Good answer: A specific factory address, photos of their production floor, names of key staff. They invite you to visit.

Red flag: Vague answers like "we work with multiple facilities" or "we manage production across several factories." That means they are an agent adding margin.

2. Can I visit the factory?

Any legitimate factory will welcome production clients for a visit. If they hesitate or make excuses, question why.

Good answer: "Yes — once your samples are approved, we arrange a factory tour. We are in Barcelos, 40 minutes from Porto airport."

Red flag: "Visits are not possible at this time" or "our facility is not set up for visitors." This usually means there is no factory to visit.

3. What garment types do you specialise in?

Factories that do everything well do not exist. A factory that specialises in knit casualwear (hoodies, t-shirts, sweatshirts) will not produce a tailored blazer to the same standard. Know what they are genuinely good at.

Good answer: A specific list — "we specialise in cut-and-sew knits: hoodies, sweatshirts, t-shirts, joggers, and outerwear."

Red flag: "We can make anything." No factory can. The ones that say they can are either lying or subcontracting the styles they cannot handle.

4. What is your minimum order quantity per style per colour?

MOQ tells you whether the factory is set up for your scale. A factory with a 1,000-unit minimum is not the right partner for a brand ordering 100 pieces.

Good answer: A specific number with context — "50 units per style per colour. First orders at this minimum, volume pricing kicks in above 200."

Red flag: An MOQ that changes depending on what you want to hear, or an MOQ that seems too low to be economically viable for the factory.

5. Can you share photos or video of your production floor?

Real factories are proud of their facilities.
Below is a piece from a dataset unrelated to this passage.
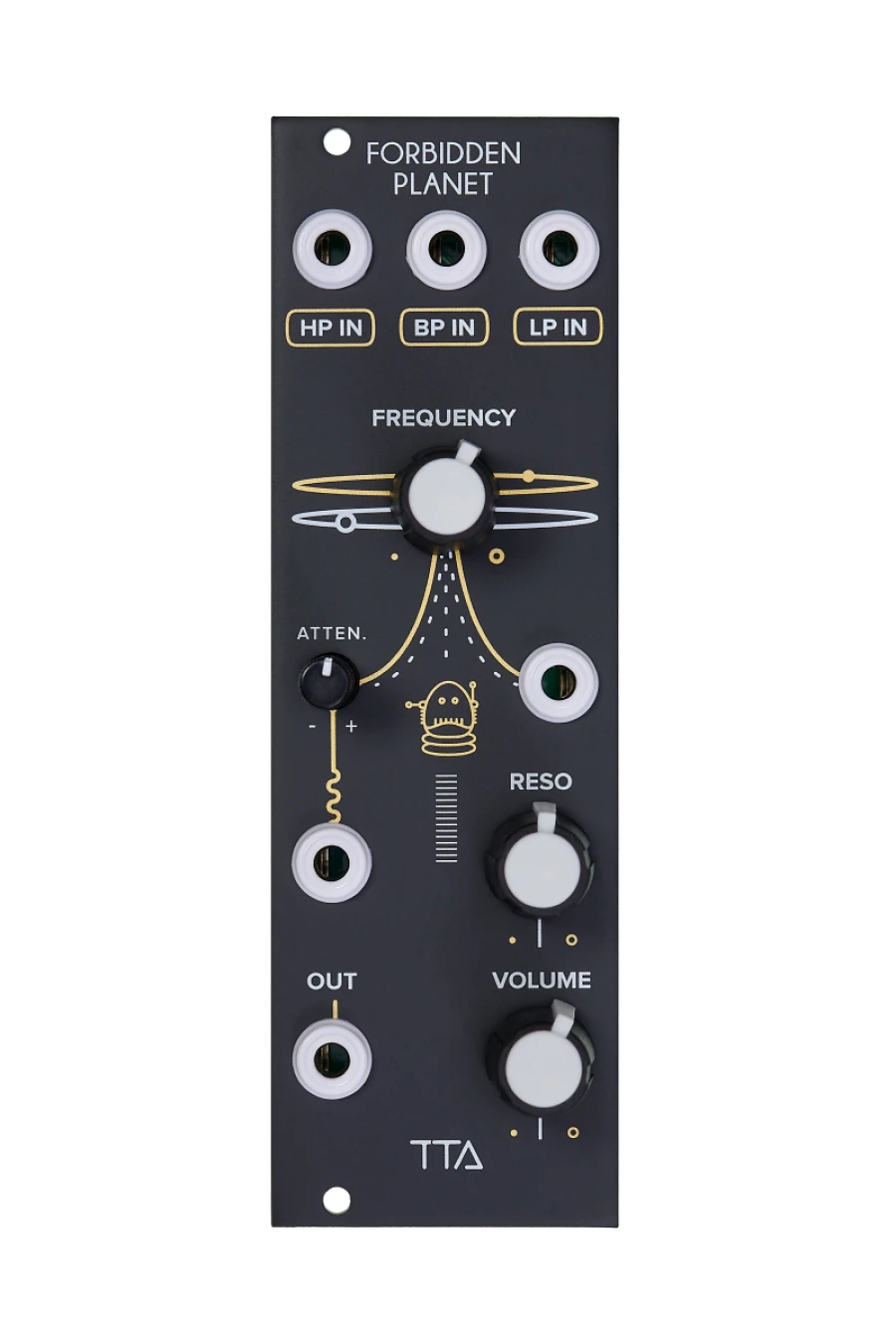 TipTop Audio Forbidden Planet - Analog Filter (Black)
If they cannot or will not show you where your garments will be made, something is wrong.

Good answer: Photos or video showing cutting tables, sewing lines, finishing stations, quality control areas — with their branding visible.

Red flag: Stock photos, renders, or "we will send photos later." Later never comes.


03

Questions to Ask About Pricing and Costs

Once you have established that you are talking to a real factory, get clarity on what you will actually pay.

6. Can you provide a line-by-line cost breakdown?

You need to know what you are paying for — not just a single number. A transparent factory breaks down fabric, trims, CMT (cut, make, trim), decoration, finishing, and packaging separately.

Good answer: An itemised quote showing each cost component with unit prices.

Red flag: A single lump-sum quote with no breakdown. This makes it impossible to compare quotes fairly or identify where costs can be optimised. For reference on what a proper breakdown looks like, see our clothing production costs guide.

7. What is included in the quoted price?

Some factories include sampling and pattern making in the production quote. Others charge separately. Know what you are getting.

Good answer: "The quote covers fabric, trims, CMT, finishing, packaging, and quality control. Sampling is charged separately at €50–150 per style, deducted from the first bulk order."

Red flag: "Everything is included" with no specifics — hidden costs will appear later.

8. What are your payment terms?

Standard industry terms are 30–50% deposit on order confirmation, balance on completion before shipping. Anything dramatically different deserves scrutiny.

Good answer: "30% deposit, 70% on completion. We send photos of finished goods before you pay the balance."

Red flag: 100% upfront payment, especially on a first order. Also watch for factories that demand full payment before showing finished goods.

9. Are there volume discounts? At what quantities?

Understanding the pricing tiers helps you plan your growth and budget for reorders.

Good answer: "Per-unit cost drops approximately 10–15% at 200 units and another 10% at 500 units. We can provide a tiered pricing table."

Red flag: No discount structure at all, or discounts that only apply at unrealistically high volumes (10,000+ units).

10. How much do samples cost, and is the cost deducted from the first order?

Sampling is a real cost — pattern making, fabric sourcing, and production of a single garment. Expect to pay for it, but understand the terms.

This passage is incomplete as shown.